America’s response to this new situation is the most destabilizing element in world affairs today. Herein lies the significance of the war against Iraq. The principal purpose of that war was not to remove Saddam Hussein, who happened to be an old friend of the United States, but to strengthen the world position of American capitalism vis-a-vis its international rivals.

Why are the international events so significant? Because the basic question which faces the Soviet Union today is the same question which it faced in 1924. Should it seek to find the answer to its deep economic problems on the basis of a national program, or should it seek to find the answer to its problems on the basis of an international program? The nationalist solution proposed by Stalin and Bukharin in 1924, to build socialism in one country, based on the resources of Soviet Russia, had catastrophic consequences for the Soviet and international working class. Today, the national solution proposed by the Stalinists and democrats—based on the restoration of capitalism—can be achieved only through the transformation of the shattered fragments of the USSR into colonial outposts of imperialism. The vast majority of the Soviet people will be pauperized, while bourgeois comprador gangsters amass great wealth.

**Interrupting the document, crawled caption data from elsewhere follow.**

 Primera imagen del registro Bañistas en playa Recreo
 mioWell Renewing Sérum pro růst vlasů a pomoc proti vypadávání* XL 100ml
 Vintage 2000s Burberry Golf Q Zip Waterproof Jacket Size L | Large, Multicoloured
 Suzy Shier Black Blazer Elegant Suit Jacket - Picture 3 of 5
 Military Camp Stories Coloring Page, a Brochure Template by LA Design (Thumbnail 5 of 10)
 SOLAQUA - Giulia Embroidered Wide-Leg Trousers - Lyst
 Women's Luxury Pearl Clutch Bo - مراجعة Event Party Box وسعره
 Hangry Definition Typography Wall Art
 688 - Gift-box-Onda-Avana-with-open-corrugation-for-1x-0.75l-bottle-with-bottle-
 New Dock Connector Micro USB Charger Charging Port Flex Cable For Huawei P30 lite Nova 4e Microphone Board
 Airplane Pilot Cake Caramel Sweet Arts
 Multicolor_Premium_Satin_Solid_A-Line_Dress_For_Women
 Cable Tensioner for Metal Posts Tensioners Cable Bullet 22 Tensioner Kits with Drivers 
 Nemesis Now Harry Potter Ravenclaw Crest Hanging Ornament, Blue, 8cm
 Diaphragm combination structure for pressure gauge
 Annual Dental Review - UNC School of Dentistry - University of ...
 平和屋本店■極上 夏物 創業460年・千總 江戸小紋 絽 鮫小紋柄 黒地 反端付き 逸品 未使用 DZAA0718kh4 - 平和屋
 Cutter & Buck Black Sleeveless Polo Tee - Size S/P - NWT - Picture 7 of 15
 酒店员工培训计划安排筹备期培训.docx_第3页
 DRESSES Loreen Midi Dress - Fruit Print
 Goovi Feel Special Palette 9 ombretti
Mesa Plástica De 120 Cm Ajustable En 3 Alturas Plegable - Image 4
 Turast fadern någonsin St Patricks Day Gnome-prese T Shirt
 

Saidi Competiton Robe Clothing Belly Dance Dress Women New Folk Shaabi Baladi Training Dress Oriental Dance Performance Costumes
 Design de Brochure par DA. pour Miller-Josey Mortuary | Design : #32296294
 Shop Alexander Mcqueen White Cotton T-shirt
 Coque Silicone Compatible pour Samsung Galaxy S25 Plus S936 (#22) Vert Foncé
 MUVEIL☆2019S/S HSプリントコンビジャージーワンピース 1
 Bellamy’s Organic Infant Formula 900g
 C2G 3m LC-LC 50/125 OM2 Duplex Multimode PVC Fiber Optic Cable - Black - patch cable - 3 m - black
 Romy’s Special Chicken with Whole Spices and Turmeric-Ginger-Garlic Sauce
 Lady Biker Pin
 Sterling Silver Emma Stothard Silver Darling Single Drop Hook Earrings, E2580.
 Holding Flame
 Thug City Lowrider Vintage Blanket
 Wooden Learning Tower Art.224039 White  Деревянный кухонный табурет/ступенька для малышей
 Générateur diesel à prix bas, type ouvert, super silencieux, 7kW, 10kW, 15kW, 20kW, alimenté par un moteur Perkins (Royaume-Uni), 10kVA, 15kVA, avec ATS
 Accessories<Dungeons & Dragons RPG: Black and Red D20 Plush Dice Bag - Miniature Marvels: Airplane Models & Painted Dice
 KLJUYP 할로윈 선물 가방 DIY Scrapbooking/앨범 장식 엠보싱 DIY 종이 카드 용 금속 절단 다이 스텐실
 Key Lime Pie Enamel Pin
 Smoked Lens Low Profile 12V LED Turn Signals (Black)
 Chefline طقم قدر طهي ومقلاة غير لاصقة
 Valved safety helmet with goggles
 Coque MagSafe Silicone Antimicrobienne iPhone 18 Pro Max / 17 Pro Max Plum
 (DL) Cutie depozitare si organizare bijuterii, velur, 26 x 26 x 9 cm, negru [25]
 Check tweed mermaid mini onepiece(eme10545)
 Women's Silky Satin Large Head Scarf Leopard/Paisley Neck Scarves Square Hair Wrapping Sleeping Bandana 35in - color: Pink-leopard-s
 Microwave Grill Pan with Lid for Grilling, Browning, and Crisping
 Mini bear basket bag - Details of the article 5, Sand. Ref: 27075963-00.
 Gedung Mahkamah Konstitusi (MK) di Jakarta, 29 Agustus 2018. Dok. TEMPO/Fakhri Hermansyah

The internationalist revolutionary line proceeds from the essential truth that the interests of the Soviet masses can be defended only on the basis of a program that recognizes the link between the struggle against Stalinism and the world struggle against imperialism. Of course, this international line does not preclude making those short-term adjustments which are necessary in the interests of strengthening the Soviet economy.

But, in the long run, there are only two ways the Soviet Union can find access to the world market which it so desperately needs: either through capitalist restoration, which integrates the Soviet Union into the world capitalist market—leading rapidly to a catastrophic decline in the social and cultural level of the Soviet people—or through the program of world revolution, which is what the International Committee fights for.

I will now use the remaining time to answer questions.

Q: What is new in Trotskyist theory today since 1938? And why do you think it is superior to other forms of socialism?

DN: First, Trotskyism doesn’t claim to have invented a new Marxism. Its analytical tools are those of dialectical and historical materialism. It applies Marxism creatively to the analysis of existing reality. It has produced over the last decades an ongoing analysis not only of the crisis of world capitalism as a whole, but of the developments within the Soviet Union and Eastern Europe.

In a recent document which we have prepared for our international conference in Berlin against imperialism and colonialism, we give a summary of the world situation and the tasks which now confront the international working class. We stress that in no country can the working class find answers to its problems on the basis of a national reformist or national “socialist” program.

Everyone’s talking about the collapse of the Soviet Union, and the explanations which are provided are utterly superficial. Uncritically accepting the forged Marxist credentials of past Stalinist regimes, it is simply declared that the crisis of the USSR represents the failure of socialism. But no one has bothered to explain why labor movements led by political forces which explicitly repudiate Marxism are also confronting a desperate crisis. Sweden, as you know, only recently was being held up everywhere as a great alternative to the Soviet Union. But what has become of the social democratic government in Sweden? It has collapsed, having more or less repudiated its own time-honored reform program over the last 10 years. The British Labour Party, whose program appears on the surface to be diametrically opposed to that of the Stalinist government, has repudiated even the impotent Fabianism of its past and is indistinguishable from the Tory Party in Britain. And in the United States, there is no labor organization more diametrically opposed to socialism than the AFL-CIO bureaucracy of Lane Kirkland. It unashamedly proclaims its allegiance to capitalism. But its program has failed as ignominiously as that of the Stalinists. The American trade unions have virtually collapsed, and the living conditions of American workers have declined tremendously in the last 15 years.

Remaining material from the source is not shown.